Source data:

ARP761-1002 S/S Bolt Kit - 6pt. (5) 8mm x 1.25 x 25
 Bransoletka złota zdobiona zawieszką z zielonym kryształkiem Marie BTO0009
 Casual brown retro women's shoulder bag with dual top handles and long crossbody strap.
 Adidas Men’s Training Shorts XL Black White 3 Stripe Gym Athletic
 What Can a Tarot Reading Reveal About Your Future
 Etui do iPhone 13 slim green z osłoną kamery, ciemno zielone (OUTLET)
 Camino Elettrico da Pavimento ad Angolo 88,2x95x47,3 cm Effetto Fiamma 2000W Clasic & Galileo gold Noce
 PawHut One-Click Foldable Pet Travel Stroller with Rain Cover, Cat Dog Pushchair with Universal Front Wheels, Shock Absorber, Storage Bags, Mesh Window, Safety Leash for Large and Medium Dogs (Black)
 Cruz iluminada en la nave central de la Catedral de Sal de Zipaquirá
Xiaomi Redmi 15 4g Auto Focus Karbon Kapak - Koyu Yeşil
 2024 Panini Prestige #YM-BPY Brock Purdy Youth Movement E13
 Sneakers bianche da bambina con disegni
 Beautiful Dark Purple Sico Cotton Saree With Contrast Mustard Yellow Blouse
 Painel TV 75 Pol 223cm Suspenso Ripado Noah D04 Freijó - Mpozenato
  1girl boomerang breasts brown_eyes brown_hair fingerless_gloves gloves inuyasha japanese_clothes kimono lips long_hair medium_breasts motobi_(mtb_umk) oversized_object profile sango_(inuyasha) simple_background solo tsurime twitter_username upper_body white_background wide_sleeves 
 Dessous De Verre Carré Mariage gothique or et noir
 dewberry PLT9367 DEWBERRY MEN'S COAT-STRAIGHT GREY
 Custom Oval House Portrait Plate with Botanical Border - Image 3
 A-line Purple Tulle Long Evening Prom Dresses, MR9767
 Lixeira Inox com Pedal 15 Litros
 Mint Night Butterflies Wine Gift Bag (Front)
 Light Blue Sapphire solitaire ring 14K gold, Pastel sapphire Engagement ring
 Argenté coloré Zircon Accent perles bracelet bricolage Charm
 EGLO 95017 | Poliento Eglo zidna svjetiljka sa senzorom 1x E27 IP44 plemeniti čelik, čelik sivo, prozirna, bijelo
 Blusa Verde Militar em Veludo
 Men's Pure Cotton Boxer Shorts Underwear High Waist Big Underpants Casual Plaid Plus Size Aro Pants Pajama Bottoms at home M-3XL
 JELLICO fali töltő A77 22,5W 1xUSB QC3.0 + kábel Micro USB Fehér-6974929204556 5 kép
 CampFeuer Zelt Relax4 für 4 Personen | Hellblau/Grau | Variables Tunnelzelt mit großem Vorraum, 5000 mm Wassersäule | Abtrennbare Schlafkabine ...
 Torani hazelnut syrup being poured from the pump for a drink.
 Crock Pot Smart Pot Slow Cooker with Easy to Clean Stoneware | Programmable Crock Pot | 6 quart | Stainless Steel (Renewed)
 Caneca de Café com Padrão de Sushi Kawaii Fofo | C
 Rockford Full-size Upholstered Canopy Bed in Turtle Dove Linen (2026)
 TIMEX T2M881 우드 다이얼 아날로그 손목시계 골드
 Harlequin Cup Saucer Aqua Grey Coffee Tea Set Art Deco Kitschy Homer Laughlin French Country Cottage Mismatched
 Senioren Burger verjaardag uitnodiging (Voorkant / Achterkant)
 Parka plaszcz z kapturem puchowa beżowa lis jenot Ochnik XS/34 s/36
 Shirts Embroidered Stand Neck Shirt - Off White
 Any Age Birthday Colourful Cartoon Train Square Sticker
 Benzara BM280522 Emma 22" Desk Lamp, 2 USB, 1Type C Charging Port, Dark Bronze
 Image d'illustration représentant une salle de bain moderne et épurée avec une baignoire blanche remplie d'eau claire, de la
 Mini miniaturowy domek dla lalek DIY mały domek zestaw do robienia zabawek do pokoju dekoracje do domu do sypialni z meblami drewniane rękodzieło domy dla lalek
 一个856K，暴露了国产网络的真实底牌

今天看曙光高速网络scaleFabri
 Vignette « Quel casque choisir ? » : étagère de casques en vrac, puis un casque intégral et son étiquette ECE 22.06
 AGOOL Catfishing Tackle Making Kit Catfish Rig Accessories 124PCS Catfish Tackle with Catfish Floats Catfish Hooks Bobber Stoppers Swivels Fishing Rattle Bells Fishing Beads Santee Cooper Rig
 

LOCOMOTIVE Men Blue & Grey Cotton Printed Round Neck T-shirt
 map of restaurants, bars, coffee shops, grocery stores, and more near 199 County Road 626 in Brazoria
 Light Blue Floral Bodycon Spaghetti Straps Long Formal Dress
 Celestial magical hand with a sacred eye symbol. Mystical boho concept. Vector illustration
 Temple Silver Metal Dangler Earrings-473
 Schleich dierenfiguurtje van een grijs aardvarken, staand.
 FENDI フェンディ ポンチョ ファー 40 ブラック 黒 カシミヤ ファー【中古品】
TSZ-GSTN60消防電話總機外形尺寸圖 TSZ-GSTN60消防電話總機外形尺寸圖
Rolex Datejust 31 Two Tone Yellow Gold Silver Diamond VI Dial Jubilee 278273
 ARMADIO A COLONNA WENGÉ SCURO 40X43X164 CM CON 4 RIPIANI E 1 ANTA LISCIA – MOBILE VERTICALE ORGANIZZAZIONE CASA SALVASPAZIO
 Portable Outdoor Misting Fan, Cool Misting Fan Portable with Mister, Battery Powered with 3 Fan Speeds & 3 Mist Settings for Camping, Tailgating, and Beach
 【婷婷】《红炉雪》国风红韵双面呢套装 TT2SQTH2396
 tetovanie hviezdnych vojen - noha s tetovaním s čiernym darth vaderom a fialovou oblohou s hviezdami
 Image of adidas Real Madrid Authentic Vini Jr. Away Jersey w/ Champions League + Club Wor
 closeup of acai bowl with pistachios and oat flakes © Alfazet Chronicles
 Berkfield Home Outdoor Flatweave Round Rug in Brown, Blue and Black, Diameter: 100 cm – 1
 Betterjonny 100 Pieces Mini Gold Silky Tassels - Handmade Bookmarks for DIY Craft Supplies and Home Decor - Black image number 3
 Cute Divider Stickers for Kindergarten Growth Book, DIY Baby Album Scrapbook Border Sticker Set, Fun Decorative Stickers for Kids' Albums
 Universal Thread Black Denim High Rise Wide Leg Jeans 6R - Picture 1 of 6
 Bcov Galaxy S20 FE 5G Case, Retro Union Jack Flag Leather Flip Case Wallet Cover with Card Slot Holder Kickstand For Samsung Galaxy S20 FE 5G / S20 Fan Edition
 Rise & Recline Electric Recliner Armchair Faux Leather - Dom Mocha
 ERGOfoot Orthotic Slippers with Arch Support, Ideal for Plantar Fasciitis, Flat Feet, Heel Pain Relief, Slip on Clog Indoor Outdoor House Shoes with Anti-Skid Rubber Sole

* _THE PROBLEM_
Your output must contain exactly the lines from the one containing "Universal Thread Black" to the final line of the data above, and no other text.

* _WRITTEN RESPONSE_
 Universal Thread Black Denim High Rise Wide Leg Jeans 6R - Picture 1 of 6
 Bcov Galaxy S20 FE 5G Case, Retro Union Jack Flag Leather Flip Case Wallet Cover with Card Slot Holder Kickstand For Samsung Galaxy S20 FE 5G / S20 Fan Edition
 Rise & Recline Electric Recliner Armchair Faux Leather - Dom Mocha
 ERGOfoot Orthotic Slippers with Arch Support, Ideal for Plantar Fasciitis, Flat Feet, Heel Pain Relief, Slip on Clog Indoor Outdoor House Shoes with Anti-Skid Rubber Sole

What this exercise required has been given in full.